No. However, am I more productive, less burdened and do I have more options
and flexibility? Absolutely. I am far less frustrated trying to produce
elegant, clear, extensible and maintainable solutions in these dynamic
languages. I also find that dynamic languages, modern web frameworks and -nix
is just more fun._

------
jpastika
Two years ago I began developing a large web application and I had to choose a
language and stack. Having built applications on .NET and PHP most recently, I
knew I could fall back on either and be safe. I decided to investigate RoR and
.NET MVC. For whatever reason, RoR felt strange and I knew it would have a
steeper learning curve initially, but probably be more efficient to develop
with in the long run. On the other hand, .NET MVC felt a bit more familiar,
and had many attractive qualities that "appeared" to mimic RoR. I went with
.NET MVC. Now 2 years later I find myself spending my day job in .NET MVC and
my side projects are all RoR. I found that .NET MVC was a great bridge from
regular .NET to RoR. I am frustrated that I didn't pursue RoR harder 2 years
ago, but hind sight is 20/20. I am extremely happy to be working on side
projects in RoR because honestly it is more fun.

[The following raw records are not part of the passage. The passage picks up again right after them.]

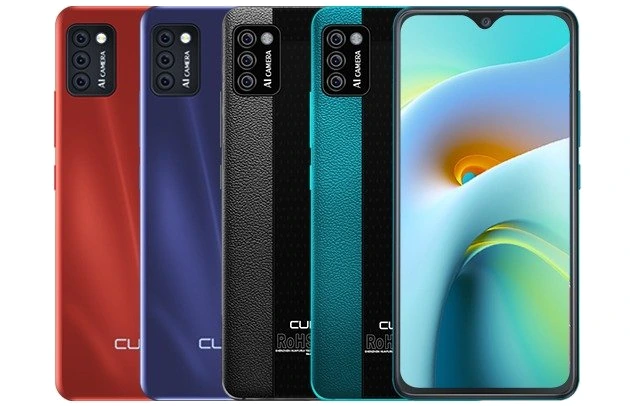 Cubot J8 — Vista Trasera Oficial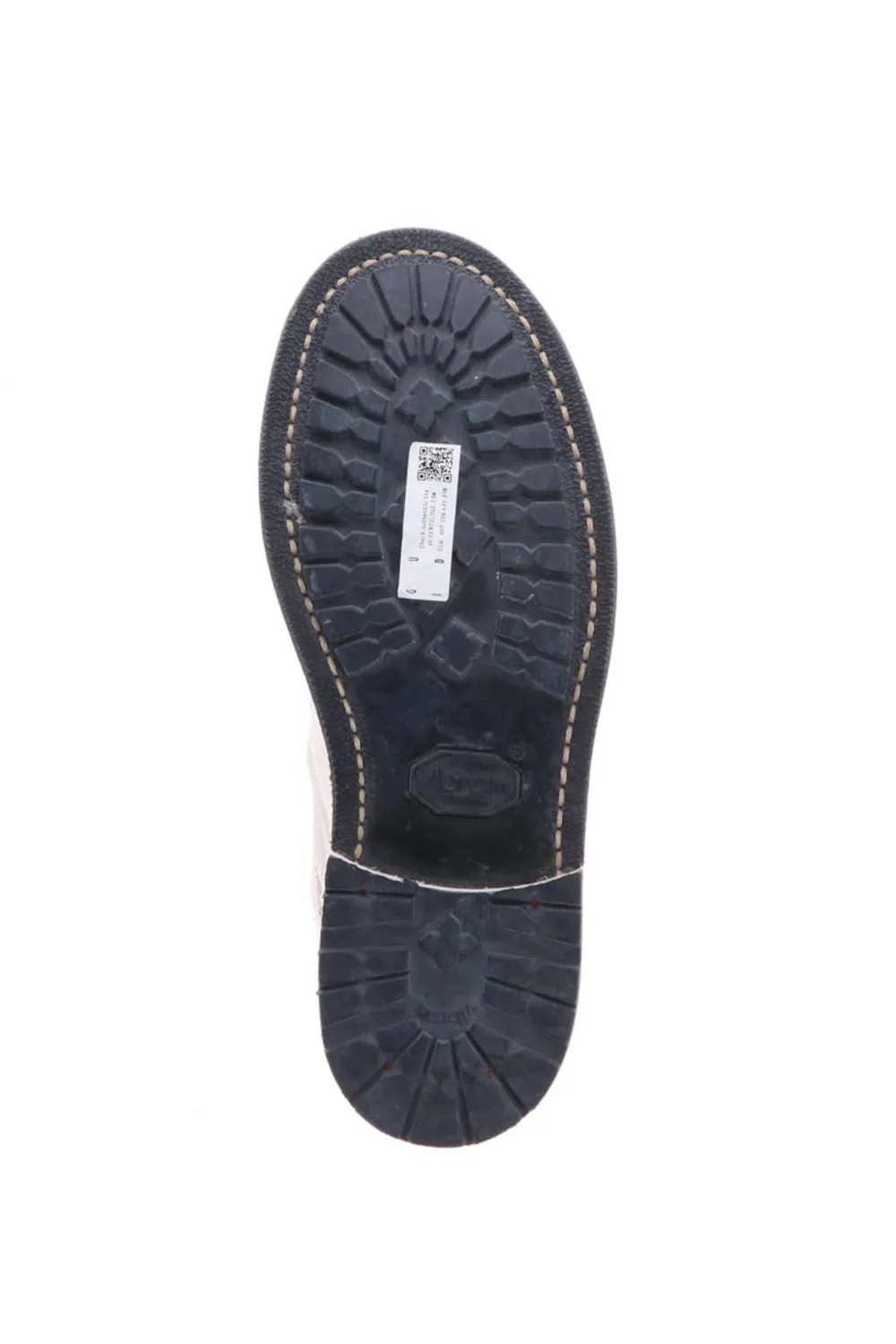 Hiking Boots Sole Rubber Horse Reverse - White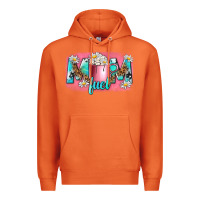 Carrot mom fuel Premium Hoodie - NancyCooperArtShop
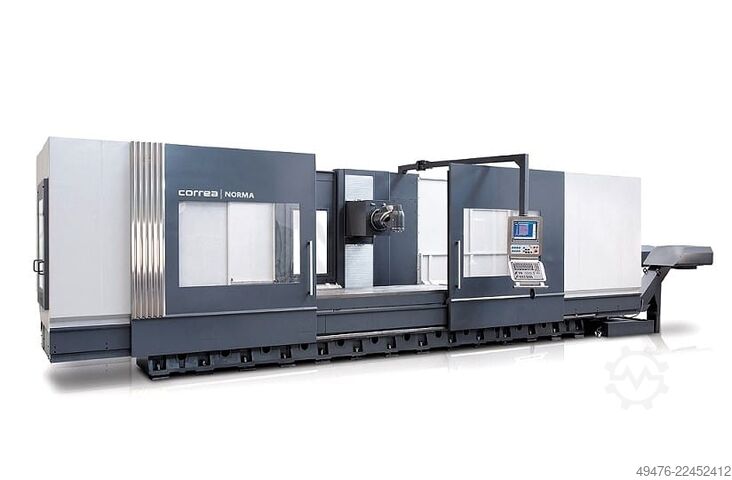 Fresatrice Correa NORMA35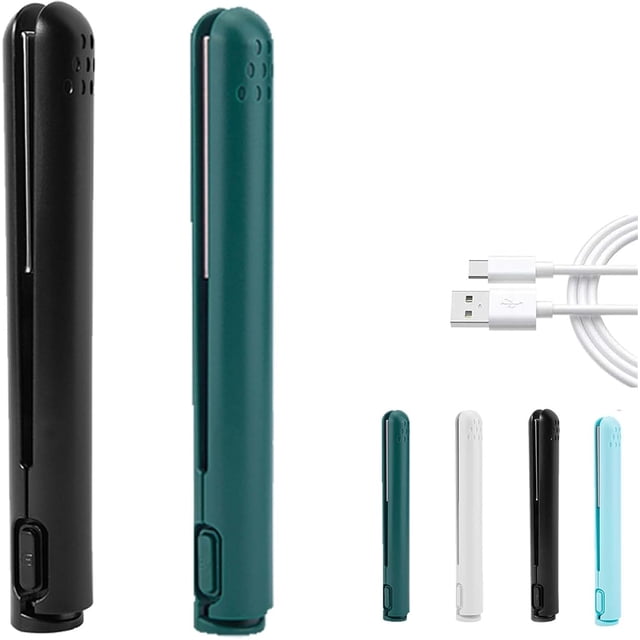 Fer à Friser Hermsa Dualglam Mini à Double Usage, Fer à Friser Hermsa, Fer à Friser Dualglam Mini à Double Usage, Mini Fer à Friser à Double Usage pour Cheveux Courts et Longs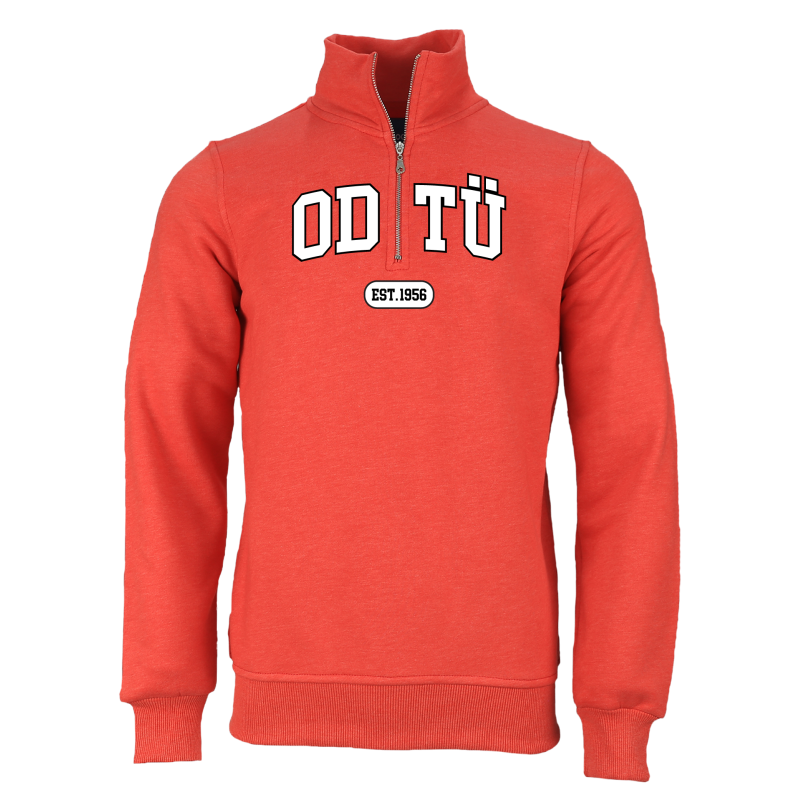 Orta Doğu Teknik Üniversitesi Model 1 Half-Zipper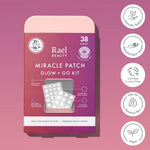 Rael Beauty Overnight Spot Patches sheet designed for heavy duty nighttime acne care.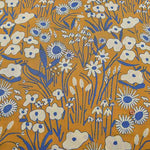 Cotton 60 Loan Printed Fabric Sketch Flower - nomura tailor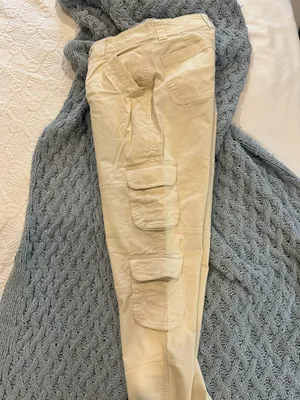 Abercrombie Relaxed Curve Love Cargo Pants thumbnail 5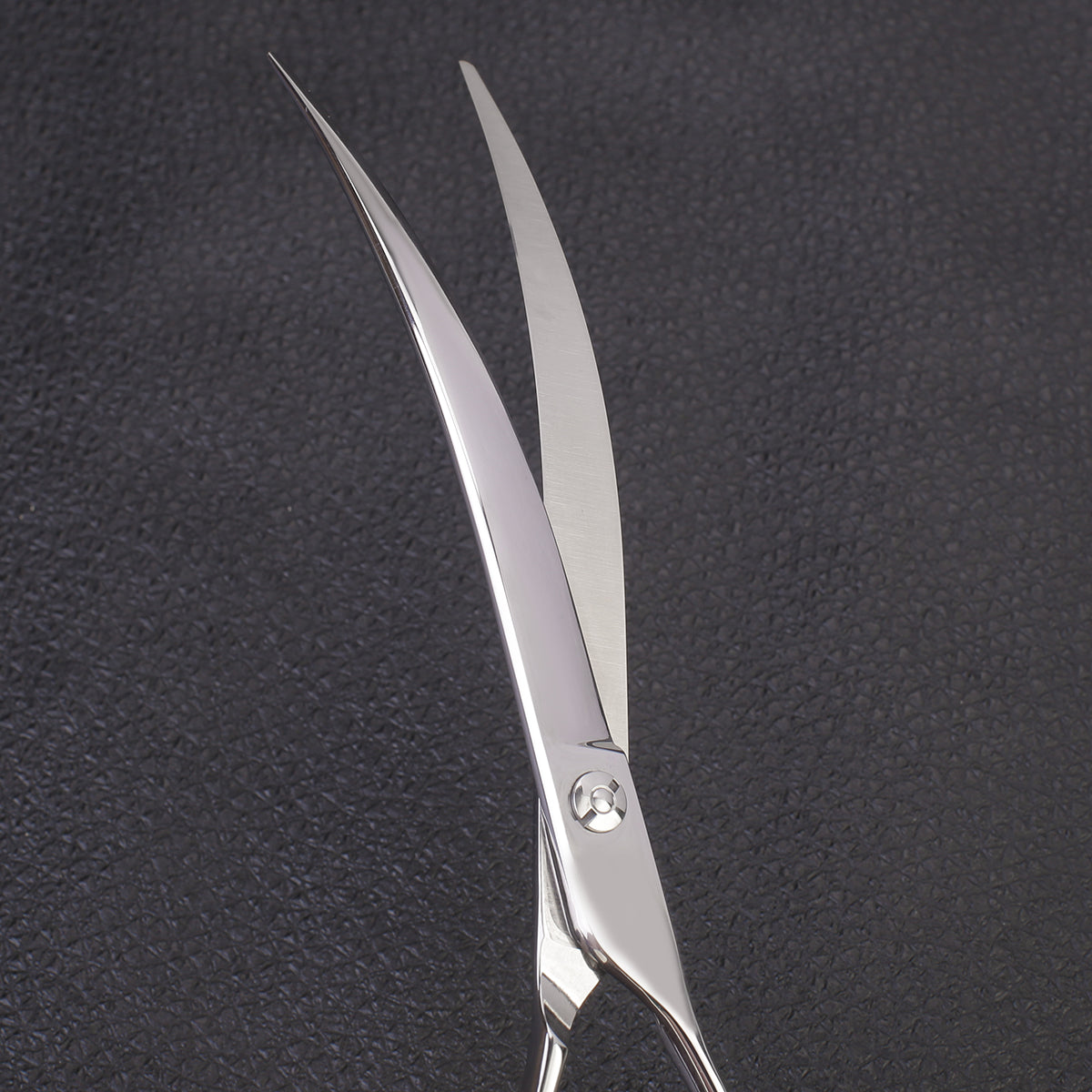 8'' Japan 440C Steel Curved Dog Grooming Scissor DC908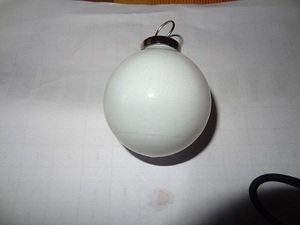 Venta al por mayor de bolas de Navidad de cristal decorativas con impresión UV bola colgante relámpago para Navidad - Product Image 3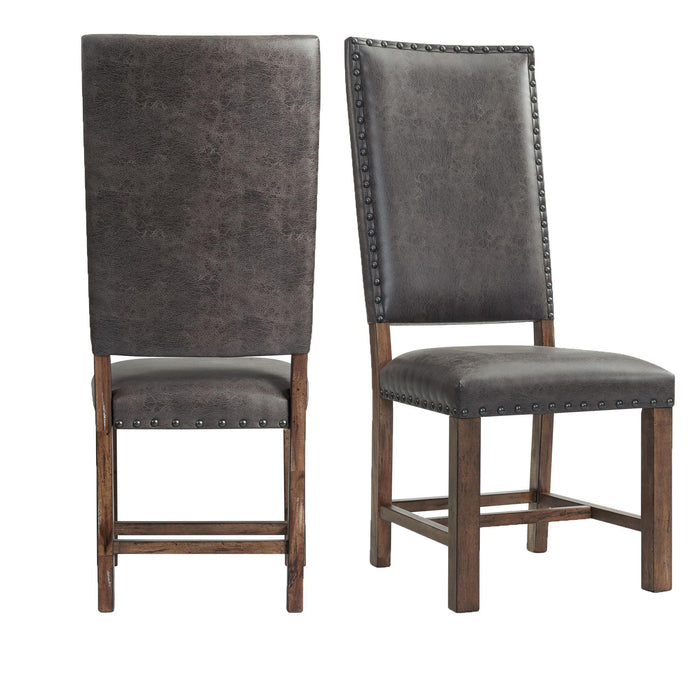 Gramercy Tall Back Side Chair Set of 2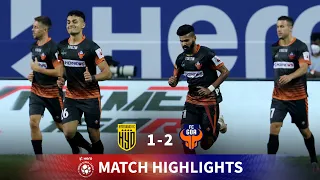 Highlights - Hyderabad FC 1-2 FC Goa - Match 43 | Hero ISL 2020-21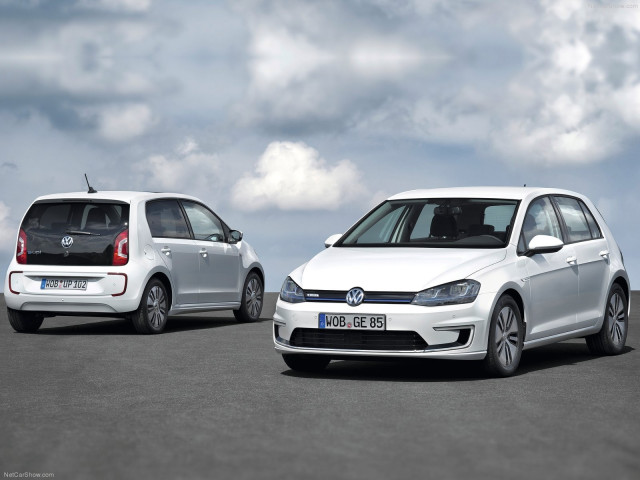 volkswagen e-golf pic #115438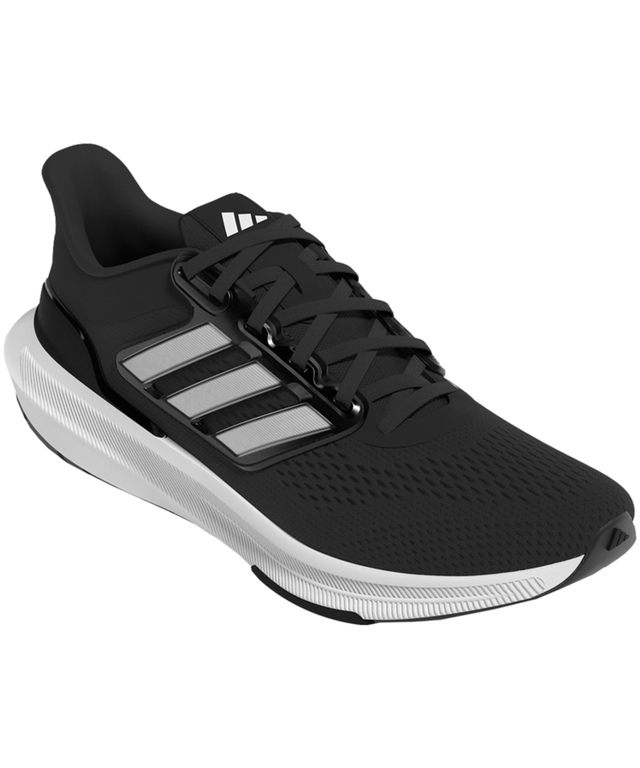 adidas Men's Ultrabounce Running Shoes Black/White Marks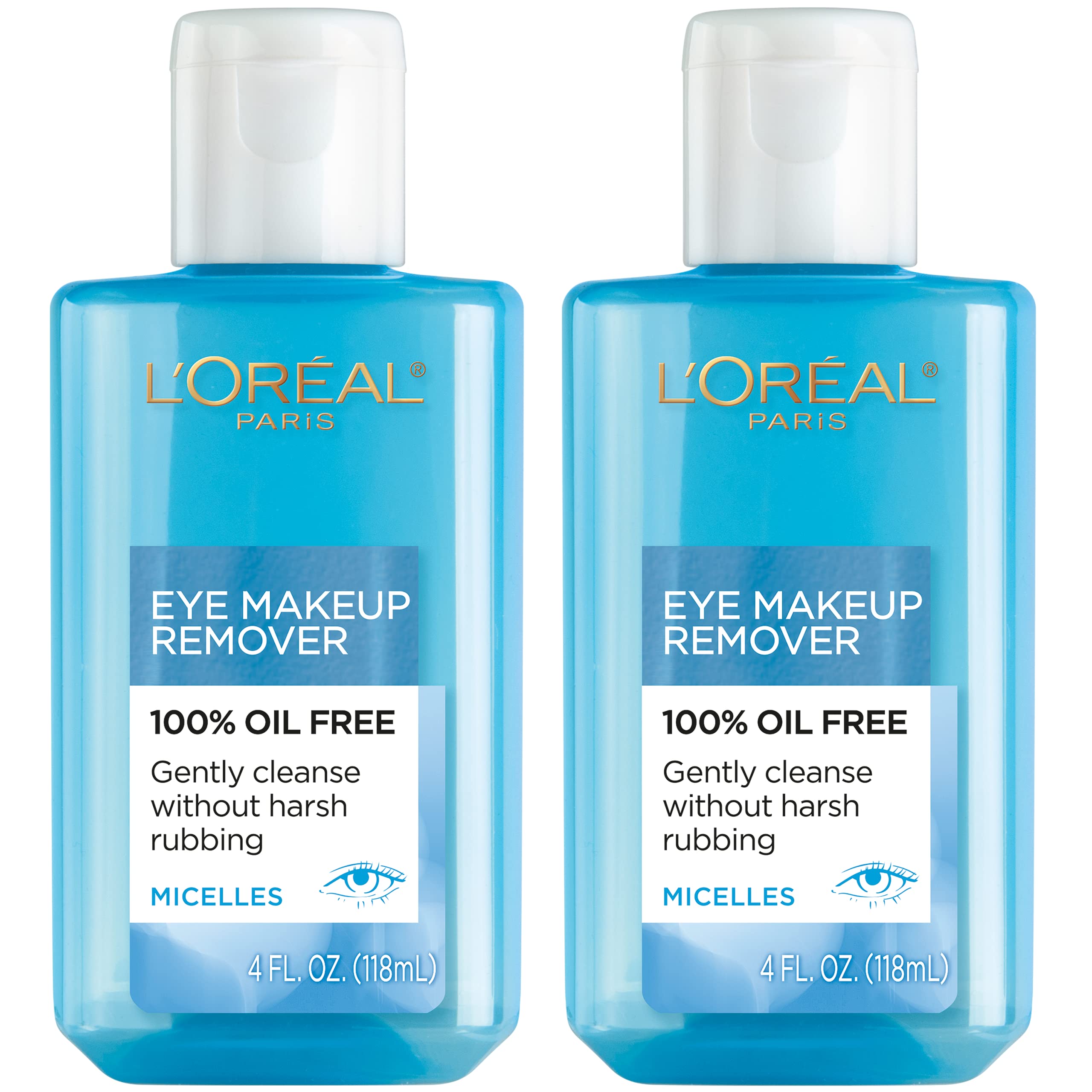 L’Oréal Paris Clean Artiste démaquillant yeux sans huile, allure nette et sans résidu gras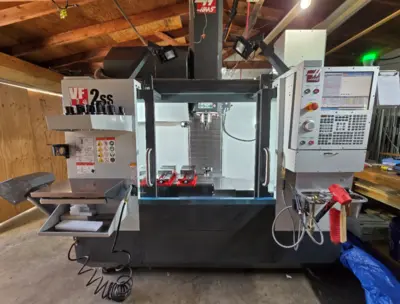 2025 HAAS VF-2SS Machining Centers, Vertical | Asset Exchange Corporation (3)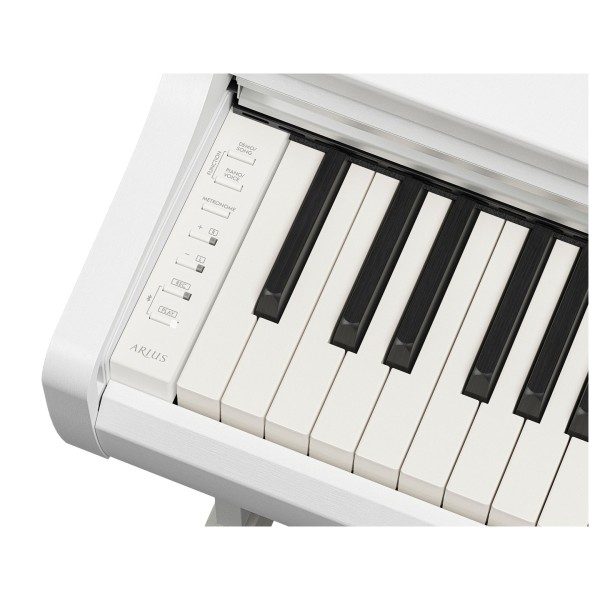 Yamaha YDP 166 Digital Piano Package, White 3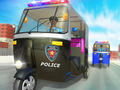 Igra Policijska auto rikša 2020  online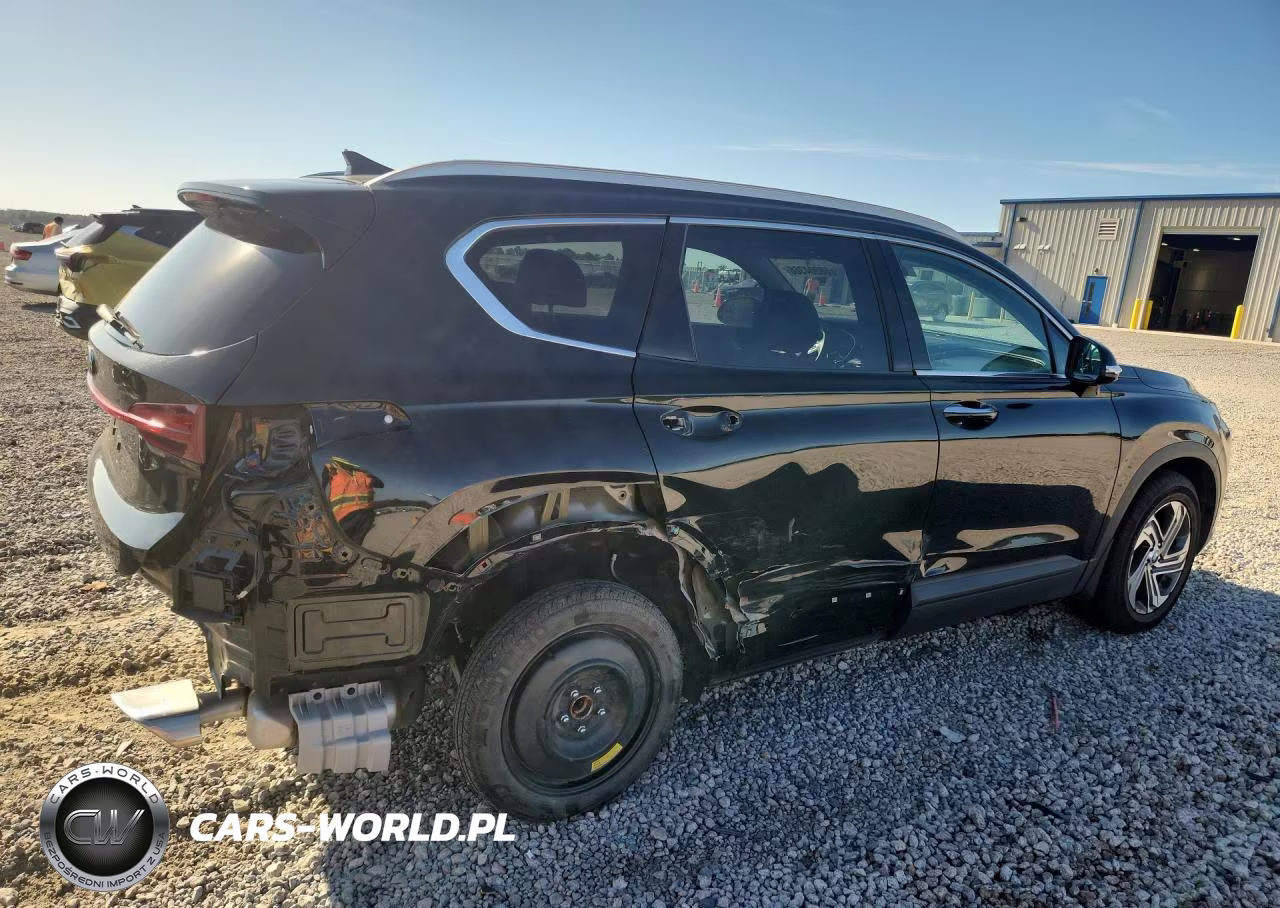 2023 Hyundai Santa Fe Sel VIN:5NMS24AJXPH490541 - 3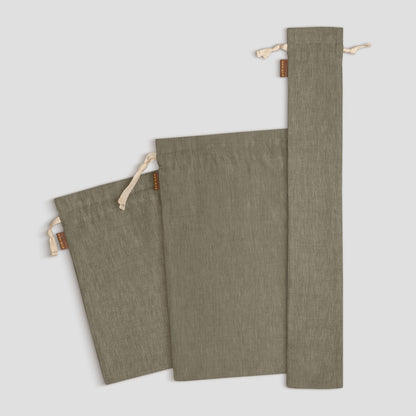 Sustainable Linen Bread Bag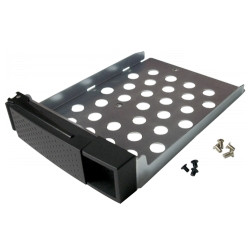 HDD Tray without key lock black metal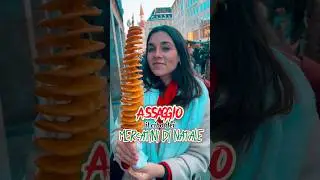 #ASSAGGIO IL #CIBO DEI #MERCATINI DI #NATALE A #MONACO 🎄🎅🏻
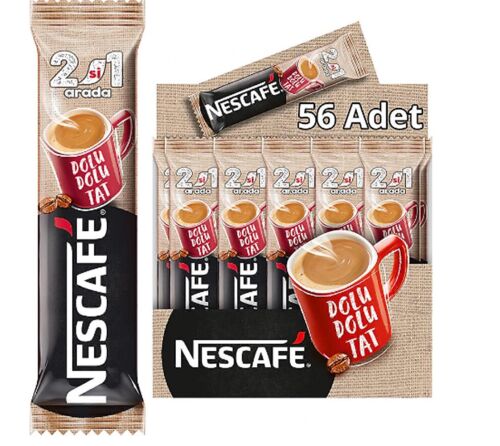 Nestle Nescafe 2ın1 Phnx 56lı Paket 10gr 12571426 - 1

Don't get me wrong, RoR isn't
all roses, I'm just finding fewer weeds!

------
untog
I'm also primarily a .NET dev, using ASP.NET MVC. But for my most recent
project I used node, and I'm hooked. Probably because it allowed me to take
existing JS knowledge and apply it, but still. ASP.NET MVC just feels too
heavyweight afterwards.

That said, whenever using something other than C# I miss LINQ. It's awesome.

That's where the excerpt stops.